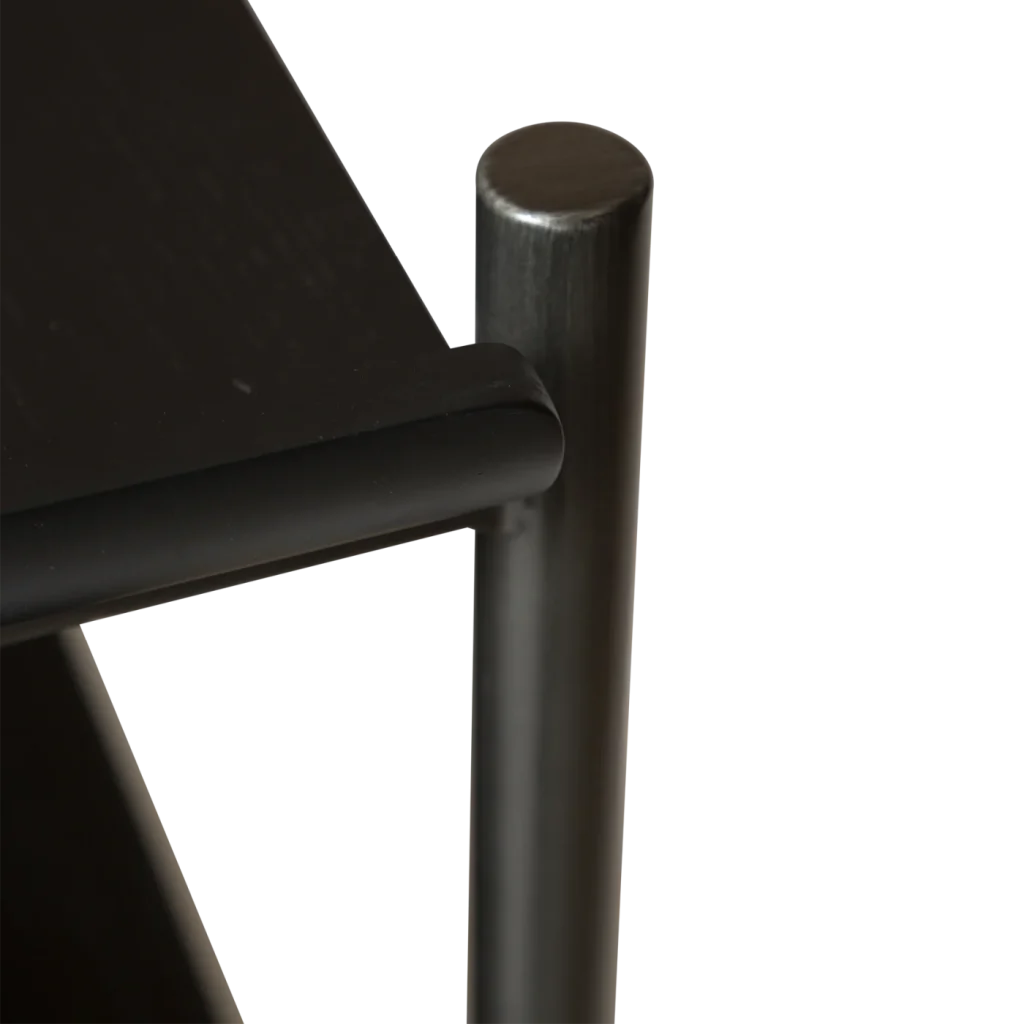 FRIYAY 4 SHELVES Black Stained Ash Veneer Shelves 900800100 03 Detail1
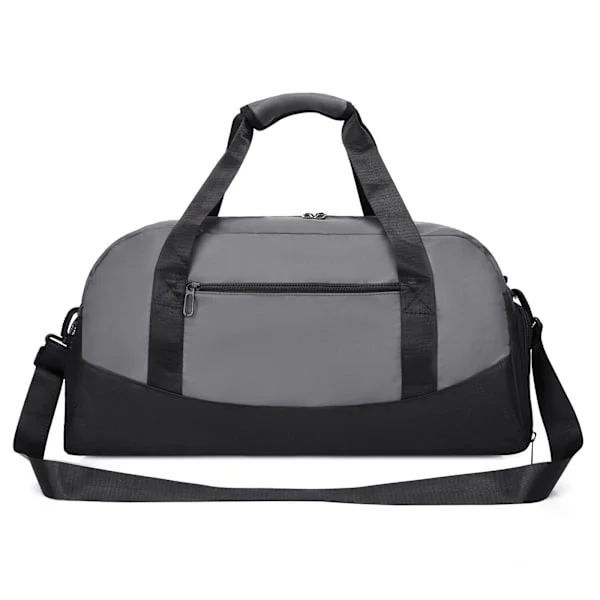 Gym Bag for Women and Men, Travel Bag with Shoe Compartment and Wet Pocket, Travel Bag, Duffel Bag, Carry-on, Overnight Bag (Grey)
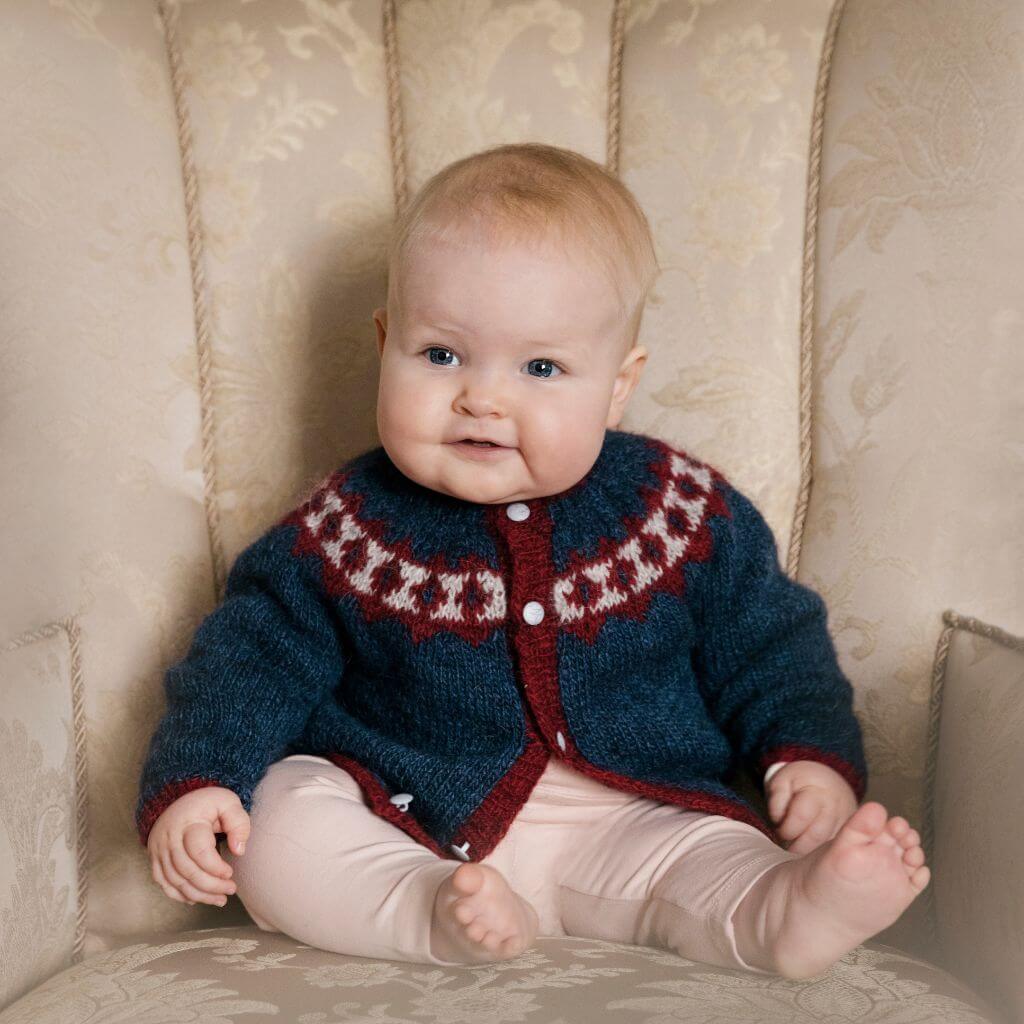 Lopi Pattern Strickjacke Baby Prýði Strickanleitung - Lopi (PDF) Lieblingsgarn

| TASK STATEMENT |
Could you set down the material above word for word while dropping its pictures?

| OUTPUT OF THE TASK |
 FRIYAY 4 SHELVES Black Stained Ash Veneer Shelves 900800100 03 Detail1
 Gym Bag for Women and Men, Travel Bag with Shoe Compartment and Wet Pocket, Travel Bag, Duffel Bag, Carry-on, Overnight Bag (Grey)
 Lopi Pattern Strickjacke Baby Prýði Strickanleitung - Lopi (PDF) Lieblingsgarn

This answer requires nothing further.